Melihat itu sasaran utama IWPI untuk mendorong pelaksanaan usaha
pengindonesiaan tenaga kerja tampaknya kurang tercapai. Kabarnya
banyak perusahaan asing yang menilai lebih murah membayar IWPL
daripada harus mendatangkan tenaga baru dari negara lain.
Peraturan tentang pembatasan tenaga asing memang masih banyak
bolongnya. Akibatnya cukup banyak tenaga asing yang bekerja
tanpa izin di Indonesia. Menurut suatu sumber di Departemen
Tenaga Kerja, ratusan juru masak dari Hong Kong dan Taiwan
sekarang ini secara gelap bekerja di Jakarta. Di Medan, banyak
juga pengusaha restoran yang mempekerjakan familinya dari Taiwan
dan Malaysia, yang datang ke Indonesia dengan visa wisatawan.
Malah ada tenaga asing yang melenggang masuk ke sini tanpa
sepengetahuan Departemen Tenaga Kerja. Misalnya, yang datang
dari negara anggota ASEAN, hingga bebas dari keharusan memiliki
visa.
Pekan lalu saja, beberapa puluh tukang kayu Singapura tampak
membongkar pameran Indo Energy 1983 setelah usai diselenggarakan
di Arena Promosi dan Hiburan Jakarta (APHJ). Peralatan yang
mereka pergunakan cuma martil dan pencabut paku. Pekerjaan ini
sebenarnya dapat dilakukan pekerja Indonesia. Tapi buruh
Singapura datang karena penyelenggara pameran tersebut sebuah
perusahaan Singapura.
Kemungkinan masih adanya tenaga asing yang lolos dari berbagai
peraturan dan perizinan diakui oleh Direktur Jenderal Danang
Joedonagoro. "Pengawasan terhadap mereka memang perlu kita atur
lebih baik," katanya.
Jumlah mereka sebenarnya tak teramat sulit untuk dikontrol.
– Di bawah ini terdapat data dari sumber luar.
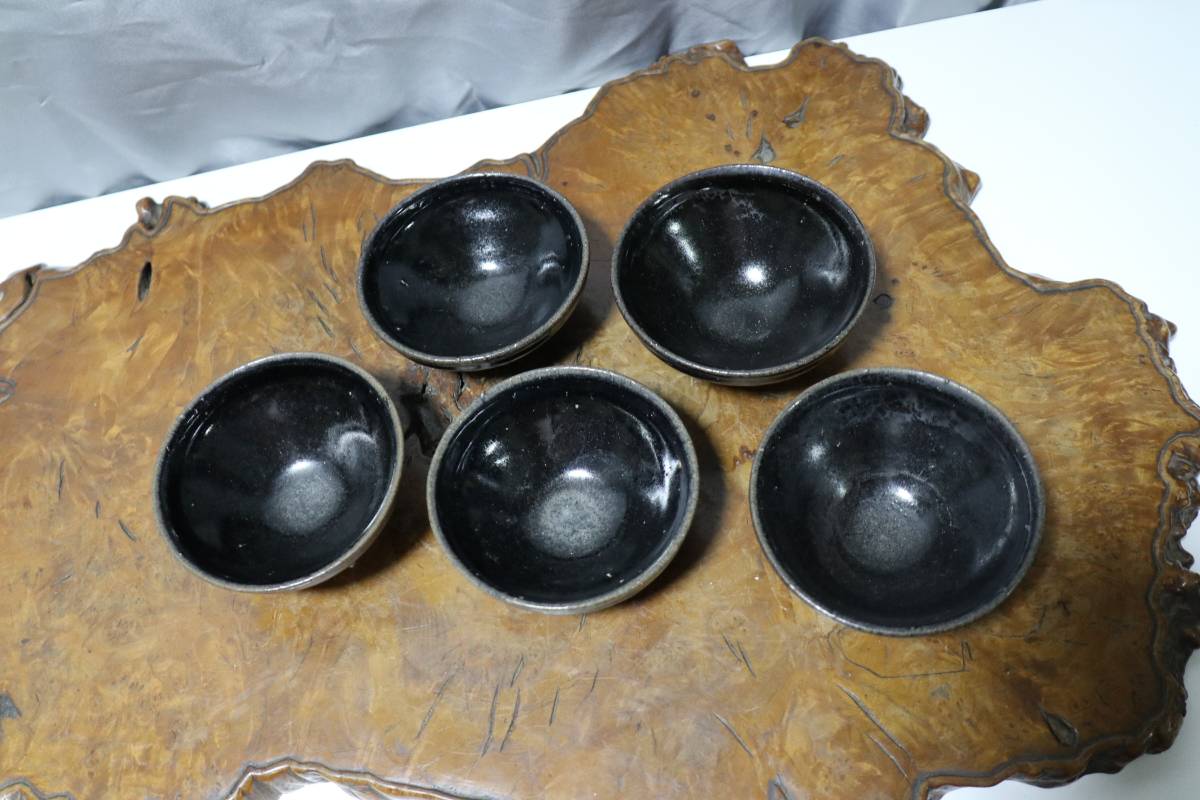 中国古美術 唐物 宋代 黒釉天目茶碗 五客 全 口径約10.6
Bahkan menurut Ketua BKPM Suhartoyo, di sektor minyak dan gas,
perkayuan, dan industri kimia, tenaga asing sudah jauh
berkurang. Menurut perkiraannya, di sektor minyak dan gas
tenaga asing dalam lima tahun mendatang akan dapat diganti
tenaga Indonesia.
Namun ketinggalan Indonesia di bidang teknologi yang cukup jauh
dengan negara maju tampaknya masih akan menyebabkan kehadiran
tenaga asing masih akan lama di Indonesia. Yang bisa dilakukan
tampaknya adalah memperketat pengawasan terhadap masuknya tenaga
asing non-ahli, serta melipatgandakan pendidikan dan latihan
bagi tenaga pribumi.
Tindakan serupa juga dilakukan banyak negara lain. Singapura,
misalnya, dalam dua tahun mendaung akan memulangkan sekitar 20
ribu buruh asing -- terutama dari Filipina, Sri Lanka,
Muangthai, dan Indonesia. Langkah itu, menurut Menteri Tenaga
Kerja Wong Kwei Chong, merupakan bagian dari kebijaksanaan
Pemerintah Singapura untuk mendorong untuk memiliki seluruh
angkatan kerjanya sendiri pada 1992.
Indonesia sendiri, nampaknya, belum punya target seperti itu.